Arsenal: Ospina; Maitland-Niles, Holding, Chambers, Debuchy; Coquelin, Elneny (Willock); Welbeck (Nketiah), Wilshere, Walcott (Nelson); Giroud
BATE Borisov: Scherbitski; Volodko, Milunovic, Polyakov, Rios; Dragun, Berezkin; Stasevich (Tuominen), Ivanic (Yablonski), Gordeychuk; Rodionov (Signevich)
In the post-match press conference, Wenger said, “I will adapt the team every time to the different team we face. I just select the team I think can win the next game.” His use of the 4-2-3-1, in this case, makes perfect sense. Against a BATE Borisov team that has not played since November 26th, adding an extra attacker likely would not have compromised their defensive structure.
Having the extra midfielder provided Arsenal with a stronger base for their initial progressions. Elneny and Coquelin, easily the more defensively-minded of Arsenal’s midfielders, would occupy the central corridors and shift horizontally when Arsenal rotated possession. If Arsenal attempted their buildup down the flanks, they would adapt their positioning to create local overloads to break Borisov’s middle block. As the ball progressed into the final third, one of them would push forward nearer the half-space. Sometimes Wilshere would switch positions with either of the midfielders to change the dynamic of Arsenal’s progression since he is a more accomplished passer than the two of them.

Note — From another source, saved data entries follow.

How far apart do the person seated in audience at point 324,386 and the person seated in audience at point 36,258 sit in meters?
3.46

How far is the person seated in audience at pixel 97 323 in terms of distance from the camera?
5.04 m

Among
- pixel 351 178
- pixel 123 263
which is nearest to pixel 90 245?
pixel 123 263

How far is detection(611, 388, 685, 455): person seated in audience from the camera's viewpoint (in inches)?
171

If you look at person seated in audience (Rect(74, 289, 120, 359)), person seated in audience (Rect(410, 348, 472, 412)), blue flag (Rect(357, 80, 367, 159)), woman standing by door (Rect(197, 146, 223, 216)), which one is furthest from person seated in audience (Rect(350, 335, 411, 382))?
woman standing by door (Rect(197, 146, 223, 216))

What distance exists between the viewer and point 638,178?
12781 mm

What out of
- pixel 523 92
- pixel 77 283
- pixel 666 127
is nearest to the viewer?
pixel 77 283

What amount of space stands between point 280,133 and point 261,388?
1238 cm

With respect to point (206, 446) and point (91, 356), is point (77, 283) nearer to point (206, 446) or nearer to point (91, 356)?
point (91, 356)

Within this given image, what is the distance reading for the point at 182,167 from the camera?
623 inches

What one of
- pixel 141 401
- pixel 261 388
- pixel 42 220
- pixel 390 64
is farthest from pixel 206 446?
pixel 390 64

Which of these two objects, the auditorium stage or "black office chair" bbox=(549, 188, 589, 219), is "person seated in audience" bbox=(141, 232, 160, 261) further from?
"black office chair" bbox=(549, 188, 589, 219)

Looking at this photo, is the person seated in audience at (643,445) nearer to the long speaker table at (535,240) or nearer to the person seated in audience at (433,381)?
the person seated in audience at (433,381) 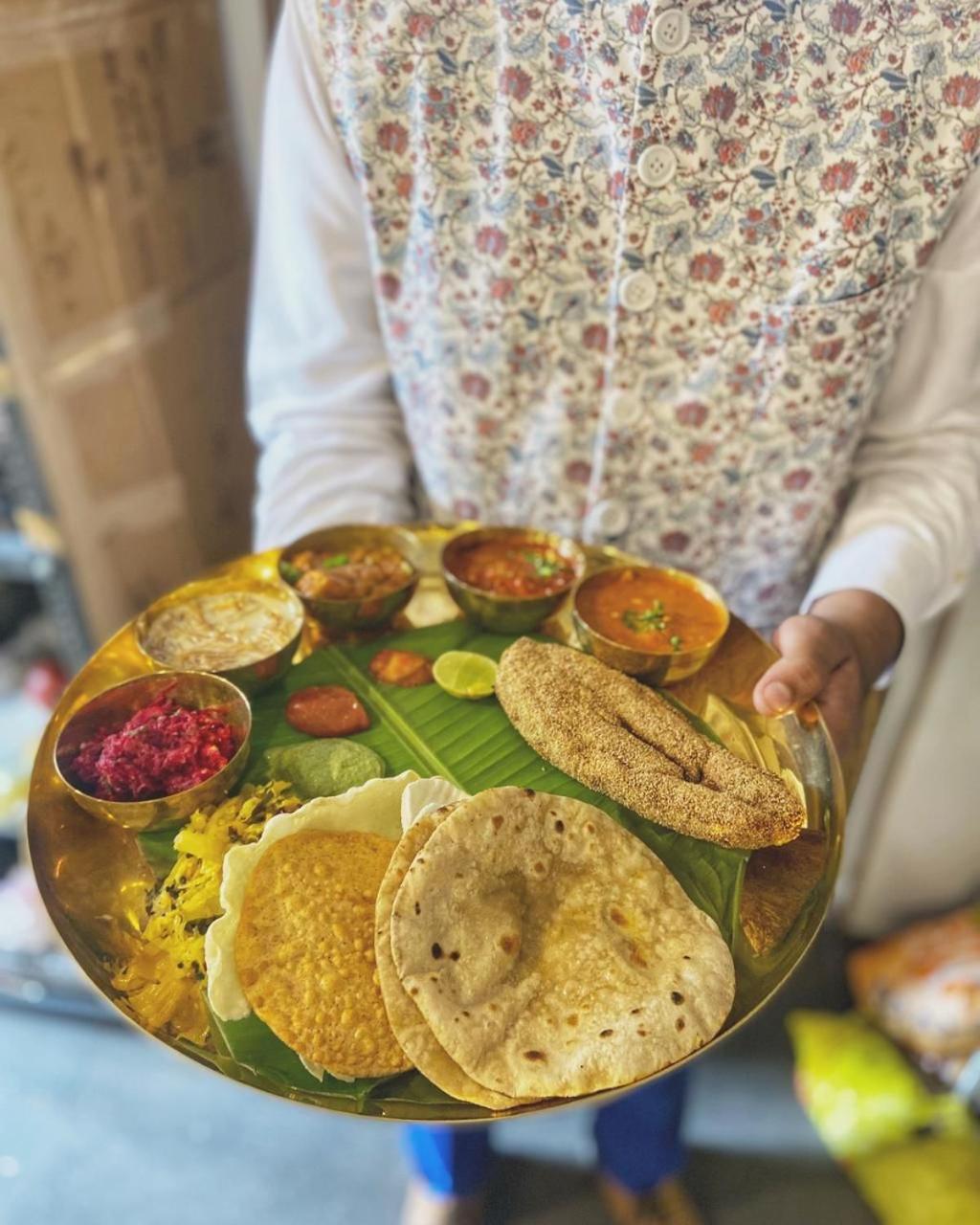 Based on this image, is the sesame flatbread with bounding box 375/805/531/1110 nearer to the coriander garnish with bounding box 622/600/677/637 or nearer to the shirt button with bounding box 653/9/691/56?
the coriander garnish with bounding box 622/600/677/637

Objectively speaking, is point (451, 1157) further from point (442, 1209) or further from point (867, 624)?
point (867, 624)

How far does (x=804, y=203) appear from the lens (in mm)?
1410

Arsenal also tried to leverage the aggressiveness of Borisov’s fullbacks by progressing with speed down the flank using either Walcott or Debuchy. Sometimes it worked with these types of clever movements forcing Borisov’s defensive shape to adjust to space. Debuchy, in particular, pushed the fullback deeper into the final third as they became weary of Arsenal’s speed and quick passing in wide areas.

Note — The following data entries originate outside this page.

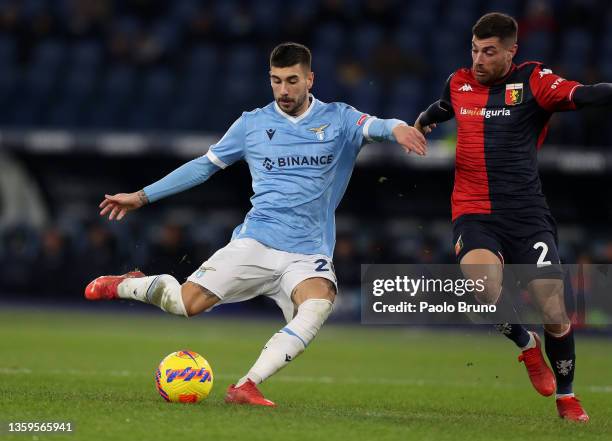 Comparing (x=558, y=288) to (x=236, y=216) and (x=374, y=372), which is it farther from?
(x=236, y=216)

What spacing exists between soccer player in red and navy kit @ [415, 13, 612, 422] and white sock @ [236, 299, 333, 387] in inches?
41.8

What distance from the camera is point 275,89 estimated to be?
7891mm

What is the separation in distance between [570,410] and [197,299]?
265 cm

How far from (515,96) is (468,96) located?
36 cm

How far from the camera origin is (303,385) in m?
10.2

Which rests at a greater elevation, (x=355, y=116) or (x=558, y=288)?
(x=355, y=116)

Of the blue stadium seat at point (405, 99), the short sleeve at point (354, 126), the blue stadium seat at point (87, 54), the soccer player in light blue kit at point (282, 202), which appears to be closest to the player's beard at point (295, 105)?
the soccer player in light blue kit at point (282, 202)

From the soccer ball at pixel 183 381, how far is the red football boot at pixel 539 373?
90.2 inches

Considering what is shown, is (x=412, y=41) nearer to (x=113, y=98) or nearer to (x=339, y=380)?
(x=113, y=98)

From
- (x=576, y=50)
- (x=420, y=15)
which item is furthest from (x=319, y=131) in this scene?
(x=420, y=15)

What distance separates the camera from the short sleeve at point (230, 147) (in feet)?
26.7

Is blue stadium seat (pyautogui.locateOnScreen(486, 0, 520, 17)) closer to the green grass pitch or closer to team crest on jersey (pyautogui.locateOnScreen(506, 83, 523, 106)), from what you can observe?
the green grass pitch

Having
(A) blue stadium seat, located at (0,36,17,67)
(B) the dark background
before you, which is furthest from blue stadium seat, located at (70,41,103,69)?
(A) blue stadium seat, located at (0,36,17,67)

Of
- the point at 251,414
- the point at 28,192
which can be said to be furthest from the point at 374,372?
the point at 28,192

Arsenal was able to play with greater space and freedom once they went up two goals. Borisov’s defensive structure, originally a 4-1-4-1, started to become more porous as they became more aggressive in their pressing. Arsenal was obviously prepared and constantly varied their attacking angles and off-ball movement. Wilshere’s goal came specifically off the ball-side defenders idly watching play instead of shadow covering Arsenal’s deliberate central concentration. Wilshere sees the midfielders pushing towards Walcott in the half-space and makes a clever, though preventable, run between the centerbacks. It was not a coincidence that all three of Arsenal’s first-half goals came from such incisive passing sequences.
The second half started with Borisov lining up in a 4-4-2 by pushing one of their midfielders further forward to aid in pressing Arsenal’s early buildup as well as provide another attacking option when they had the ball. Despite their adjustments, Arsenal continued dominating possession and utilized the central movement of Wilshere to attack vertically.

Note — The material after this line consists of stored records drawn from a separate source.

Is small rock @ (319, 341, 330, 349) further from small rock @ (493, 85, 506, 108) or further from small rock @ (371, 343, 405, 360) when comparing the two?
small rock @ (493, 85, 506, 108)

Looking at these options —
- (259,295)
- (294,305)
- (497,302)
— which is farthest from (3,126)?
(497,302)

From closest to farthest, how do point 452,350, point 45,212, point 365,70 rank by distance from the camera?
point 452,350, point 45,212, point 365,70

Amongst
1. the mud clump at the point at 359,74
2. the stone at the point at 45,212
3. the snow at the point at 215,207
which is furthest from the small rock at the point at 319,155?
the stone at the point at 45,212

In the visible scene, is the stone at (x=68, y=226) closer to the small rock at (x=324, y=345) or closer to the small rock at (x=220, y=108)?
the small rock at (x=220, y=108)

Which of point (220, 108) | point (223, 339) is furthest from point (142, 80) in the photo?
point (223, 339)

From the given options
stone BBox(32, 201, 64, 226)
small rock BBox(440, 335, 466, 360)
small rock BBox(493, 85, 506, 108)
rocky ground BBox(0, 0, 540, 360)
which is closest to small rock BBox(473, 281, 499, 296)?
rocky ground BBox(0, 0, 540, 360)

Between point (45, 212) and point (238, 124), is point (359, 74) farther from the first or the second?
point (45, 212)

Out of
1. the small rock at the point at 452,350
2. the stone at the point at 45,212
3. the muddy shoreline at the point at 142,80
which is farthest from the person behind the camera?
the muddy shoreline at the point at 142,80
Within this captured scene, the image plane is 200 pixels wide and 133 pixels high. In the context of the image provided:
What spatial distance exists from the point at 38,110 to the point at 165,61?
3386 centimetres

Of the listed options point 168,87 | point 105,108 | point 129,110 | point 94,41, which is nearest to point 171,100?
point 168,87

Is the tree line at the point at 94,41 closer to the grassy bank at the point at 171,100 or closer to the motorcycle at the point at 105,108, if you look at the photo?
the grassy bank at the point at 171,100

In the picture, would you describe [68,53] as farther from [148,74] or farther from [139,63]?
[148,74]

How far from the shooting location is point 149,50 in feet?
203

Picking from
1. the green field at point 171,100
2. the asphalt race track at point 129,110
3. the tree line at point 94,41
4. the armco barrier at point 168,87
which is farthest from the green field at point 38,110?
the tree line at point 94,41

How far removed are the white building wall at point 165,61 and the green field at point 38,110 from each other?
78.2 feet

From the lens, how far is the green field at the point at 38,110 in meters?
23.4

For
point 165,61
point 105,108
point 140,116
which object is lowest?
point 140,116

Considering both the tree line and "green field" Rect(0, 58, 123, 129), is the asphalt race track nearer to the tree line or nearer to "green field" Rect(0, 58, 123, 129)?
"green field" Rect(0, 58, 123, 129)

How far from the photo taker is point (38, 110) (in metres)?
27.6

As the game wore on, Jack became a constant nuisance through his ability to exploit the space between Borisov’s lines. It was clear throughout his desire to create an impact as he constantly demanded the ball and dictated Arsenal’s tempo in possession. He routinely found gaps in Borisov’s stretched defensive shape to generate multiple attacking chances either through vertical passes through the half-spaces or driving into the box himself. His on-the-fly adjustments kept the opponent guessing and provided space for attackers to be aggressive in their movements. That Borisov was never able to deal with the effervescent spark that Wilshere provided in attack only signaled their overall defensive malaise over 90 minutes. In the end, six goals seemed a fitting end for an Arsenal B team that appears to be finally clicking.